The problem: “They” would be many. “They” would be the majority.

Howard’s words might ring with the right attitude, but this is no minor issue, not for the team, not for ownership and most of all not for the coach and president of basketball operations, Mike Budenholzer.

What happens in this postseason will be a referendum on the past two years. Budenholzer and general manager Wes Wilcox were theoretically in charge of personnel decisions in the blazing 2014-15 season, but the roster that year was formed by general manager Danny Ferry, who subsequently was sent into purgatory (and eventually unemployment).

If Ferry had been retained, it doesn’t mean the Hawks would’ve won 60 games again. But the drop-off to 48 and then 43 wins is mind-numbing. The drop-off in affection the city’s sports fans have for the Hawks might be even more dramatic. This was the most likable and watchable product on the local sports landscape, and now it’s like they don’t exist.

That’s a basketball problem, a marketing problem and a business problem. All of the “volt” colored clothing and fantasy turnstile counts in the world aren’t going to cover that up.

The Hawks believe, or at least say, they have turned things around, pointing to three late-season wins over Cleveland (twice) and Boston as evidence. The problem is, they’ve long-since lost the benefit of the doubt, so it’s going to take more than a late-season blip to convince folks.

“If we win one or two on the road, maybe people will (pay attention),” guard Dennis Schroder said. “Other than that, we can’t get that trust.”

Tony Ressler is the Hawks’ majority owner. He attends a number of home games. But he has said very little publicly since the deal closed, he goes out of his way to avoid speaking to the media, and he has been unable to get partner Grant Hill more involved in basketball operations.
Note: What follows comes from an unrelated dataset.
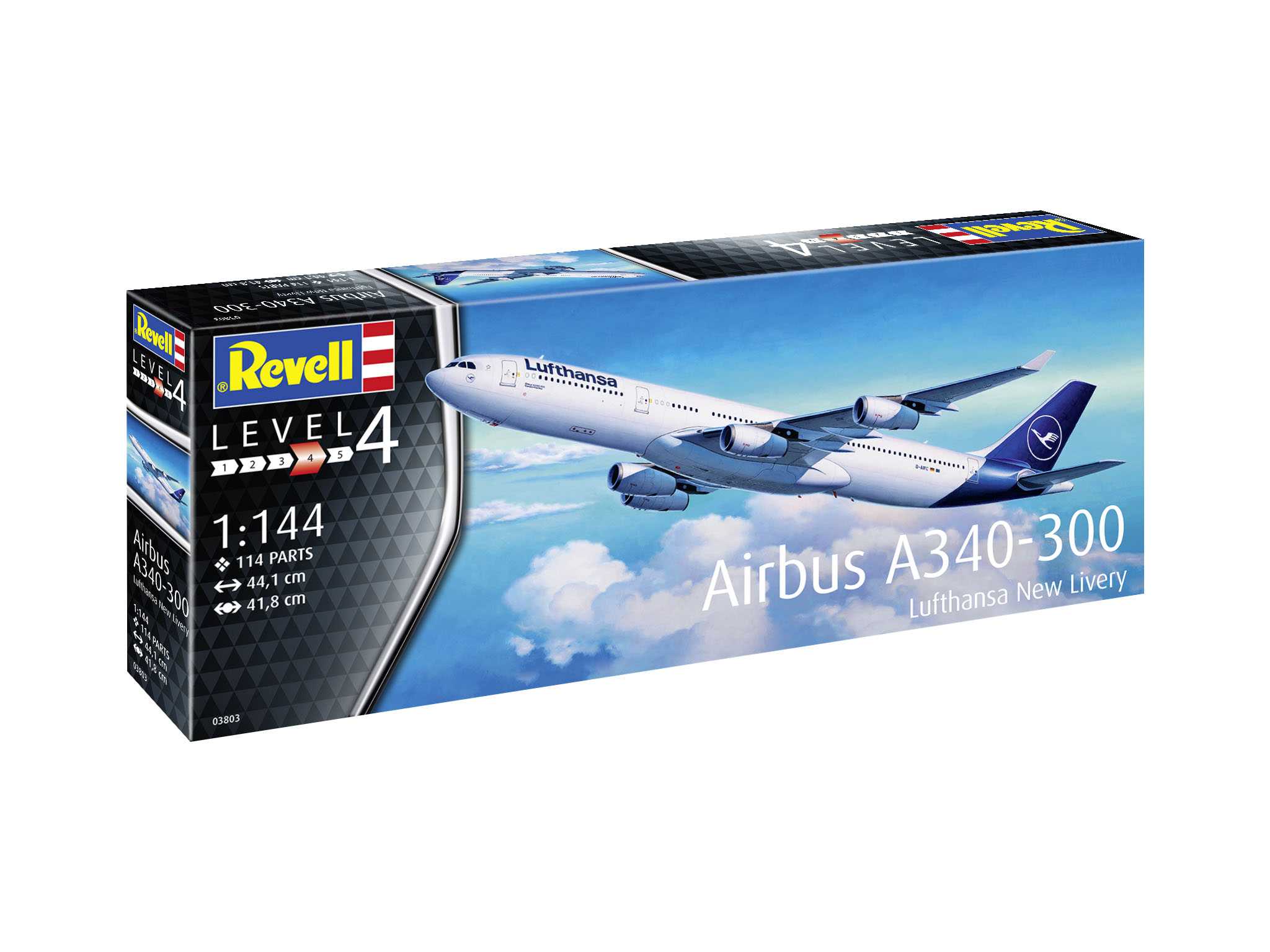 Revell Plastic ModelKit letadlo 03803 - A340-300 Lufthansa New Livery (1:144)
Ressler, who lives in Los Angeles, has been so low-profile since purchasing the Hawks, a case could be made that Braves’ maligned corporate owner, Liberty Media, is more accessible. At least Liberty has quarterly investors calls that can be monitored by media members.

This isn’t to suggest that Ressler and his partners, including Atlanta resident Jesse Itzler, aren’t interested in winning. The Hawks are building a long-needed practice facility (opening next season), will own and operate a D-League team (beginning in 2019-20) and are planning major renovations to Philips Arena (with millions in public money, of course).
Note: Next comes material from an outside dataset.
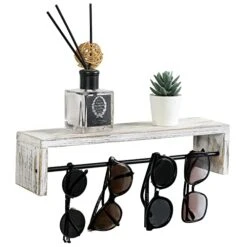 MyGift Whitewashed Wood Sunglasses Storage Rack, Wall Mounted Eyewear Organizer Hanging Display Holder With Decorative Top Shelf -Songmics Furniture Shop 41t3UwjPBcL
But none of that registers with the populace, nor does it address the clear problems in basketball operations.

Budenholzer has proved to be one of the NBA’s best coaches. He deserves credit for his recent decisions to reduce Dwight Howard’s minutes and have Kent Bazemore go from starter back to bench player. That has led to improved ball-movement and, therefore, a more watchable and productive offense, with a unit including Schroder, Tim Hardaway Jr., Paul Millsap and rookie Taurean Prince.
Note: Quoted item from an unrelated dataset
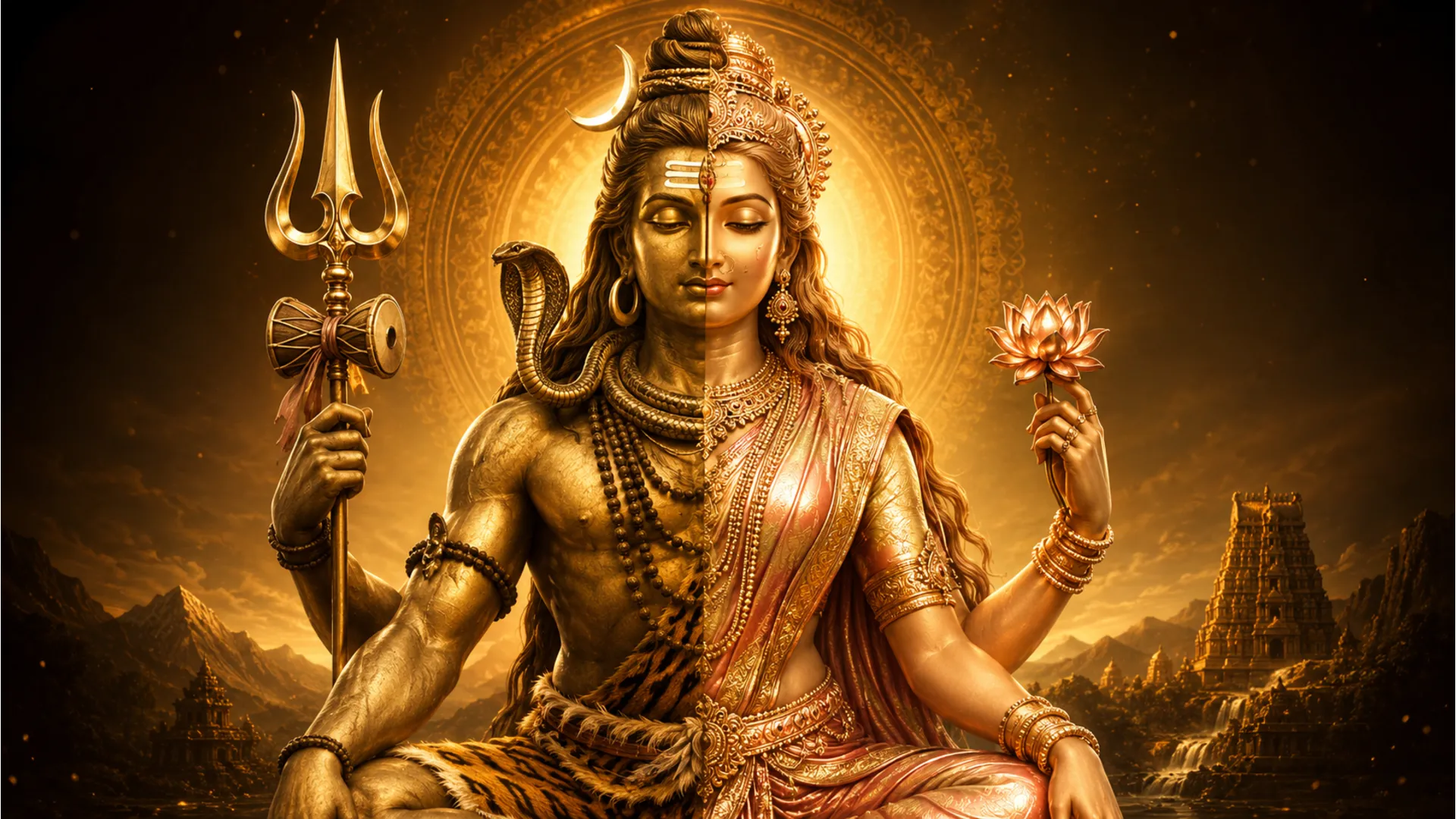 Golden representation of Ardhanarishvara symbolizing cosmic balance.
“We’re playing as good or better than we have all year,” Budenholzer said.

OK. But what do the recent coaching moves say about Budenholzer, the de-facto general manager?

It was his decision to bring in Howard and give him a three-year, $70.5 million contract, far more than any other team likely would’ve offered at this stage of the center’s carer. It also was his decision to give a four-year, $70 million contract to Bazemore, a solid young player who is limited on offense.

It was his decision to let Horford go. It was his decision not to start the rebuilding process at the deadline and trade Millsap, who will opt out after the season and become an unrestricted free agent. So now the Hawks are faced with the options of either losing Millsap for nothing (like Horford) or re-signing a 32-year-old with a bothersome knee to an expensive, long-term contract. (Horford is two years younger, and the Hawks passed.)

Howard hasn’t been bad. He has improved the Hawks’ rebounding. But they’re a lesser offensive team when he’s on the court. They’re worse. Meanwhile, the Houston Rockets, the team Howard left, jumped from last season’s record of 41-41 to 55-27 this season, has had an MVP-caliber season from a rejuvenated James Harden and might have the coach of the year in Mike D’Antoni.

Is that all a coincidence?

The Hawks have a problem. They’re in the playoffs and seemingly nobody’s paying attention. It’s not hard to understand why.